Home > citizen journalism > Dear Tim,

Dear Tim,

Posted by jason on 25 February 2008

Thanks for your note, and for making your readers aware of our blog and ABC columns.

I’m happy to discuss your questions, but first, it might be useful to clarify a few things.

This could be a good moment to point out that this blog and our ABC column are different from the rest of our work, including the research project you mentioned in your original post. The column and the blog are things we do on our own time. We certainly aren’t “paid to blog”, nor are we paid for our ABC column. So those of your readers who are in a tizz about their tax dollars going on these particular activities can relax. We do these things because of our genuine interest in the ways in which online public affairs is developing, and because we’re keen to test some ideas out in public. We’ve never represented the blog or the columns as the place where we present the formal, final results of our research - it’s much more a way to present hunches, hypotheses or - we have them too - opinions.

The blog is a mostly a place where we archive our ABC columns, and where we occasionally post on other stuff. It’s not designed as a high-traffic blog: it’s unlikely we’d have the time to maintain it if it were. It could do with a little more attention, as you’ve pointed out, but we’re not primarily bloggers - we are more focussed on our jobs. You and your readers have been critical of how little material is on there, but I suspect we’d find it very hard to please you. A more active record of posting on the blog would no doubt give rise to the charge that we are “wasting taxpayers money by blogging all day”.

We might have imagined that our blog and columns would please at least some of your blog community - rather than confining ourselves to those infamous “ivory towers”, which are such a cherished part of anti-intellectual rhetoric, we’re actually mixing it in venues like the ABC’s Opinion pages. And not only there - we’ve all had a range of opinion pieces published beyond the world of academic journals. We will continue to do this because we want to be involved in a broad discussion about the development of the blogosphere, online journalism, citizen journalism, etc. We also feel like we owe it to the broader community to talk about the research we’re doing. In this sense, then, I for one actually welcome your interest, and your critical attention to our work.

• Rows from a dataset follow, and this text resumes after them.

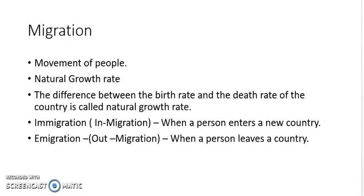So, all these factors are needed to study population growth. Death rate, birth rate, and migration affect the population, and so they are included in the study of population.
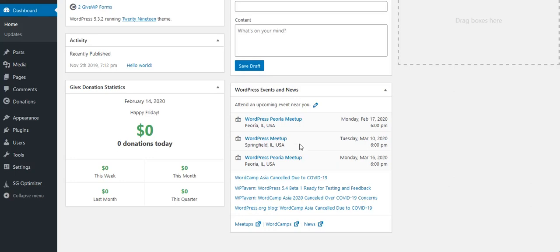In this video we are going to look at how to connect the GiveWP plugin to your Stripe account. The first thing that you will need to do is, as you can see here, I'm on the dashboard of the website.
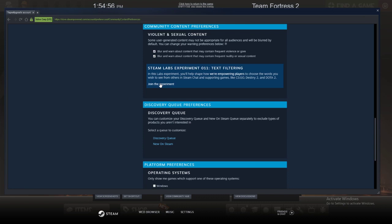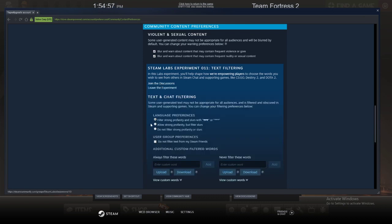You literally just go join the experiment and then you allow strip profanity by filter slurs, because honestly, if you use slurs, then fuck you personally. I hope you never speak to me.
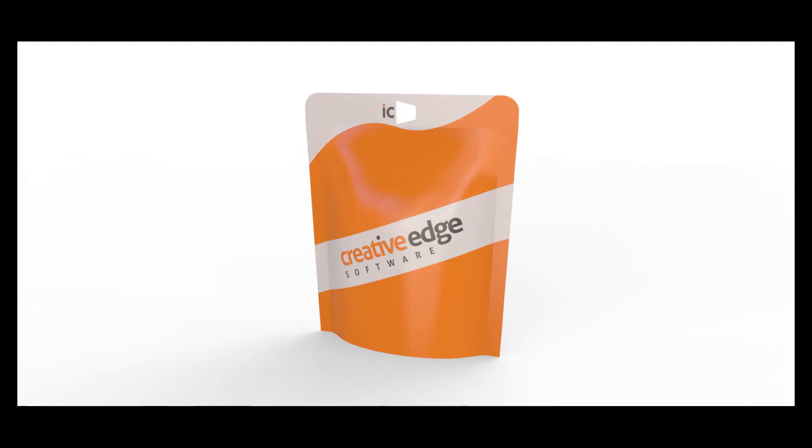Hello and welcome to another IC3D QuickByte. In today's IC3D QuickByte we're going to be taking a look at how to create a custom peghole for any of our flexible models.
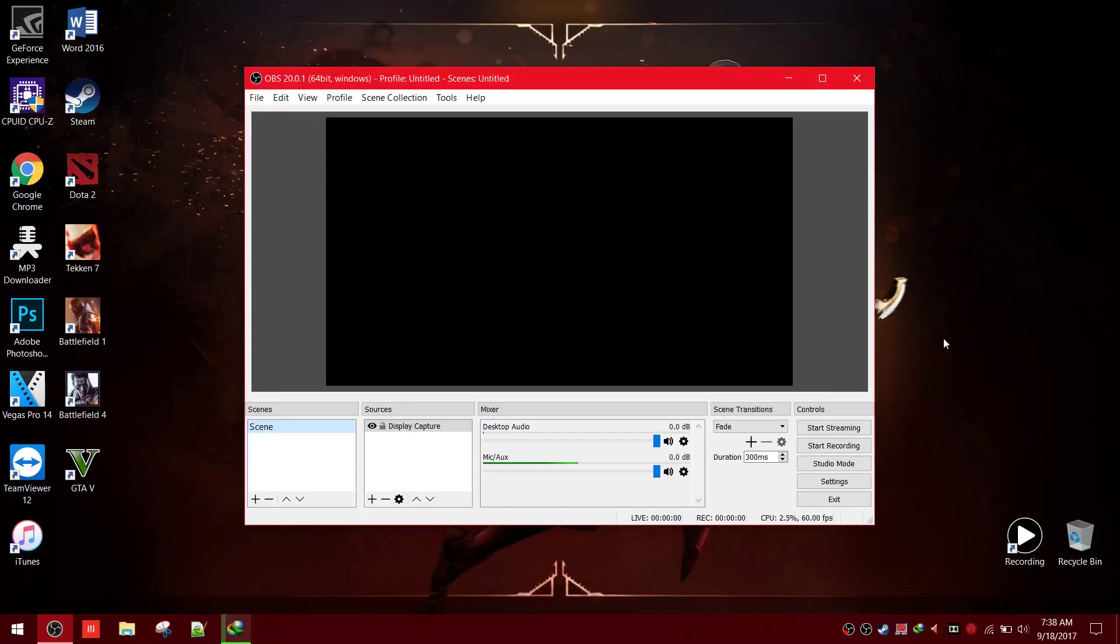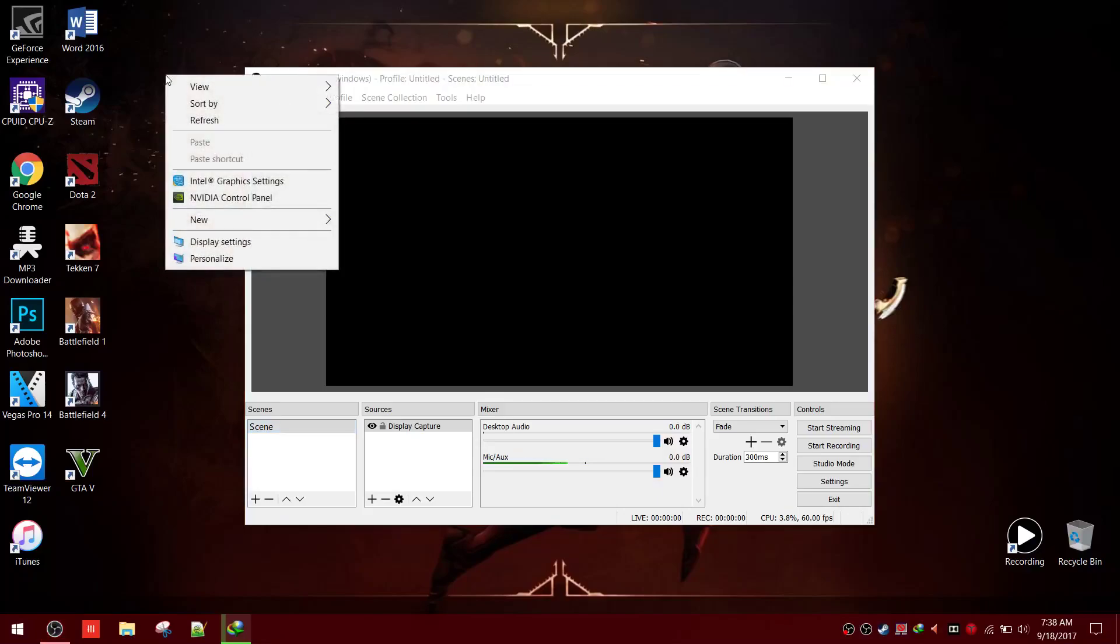So make sure your OBS is in latest version. Then update your graphics driver.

For what it’s worth, by the way, our research project (which, just in case I wasn’t clear enough first time around, should be distinguished from the blog and the columns) is an ARC Industry Linkage Project, which means that taxpayers’ investment in our research is supplemented by investments from commercial partners. You can criticise the overall structure of research funding in Australia if you like - we think that there’s room for improvement too - but there’s no point arguing that the research is without real-world significance when business is prepared to stump up cash and support to get it done.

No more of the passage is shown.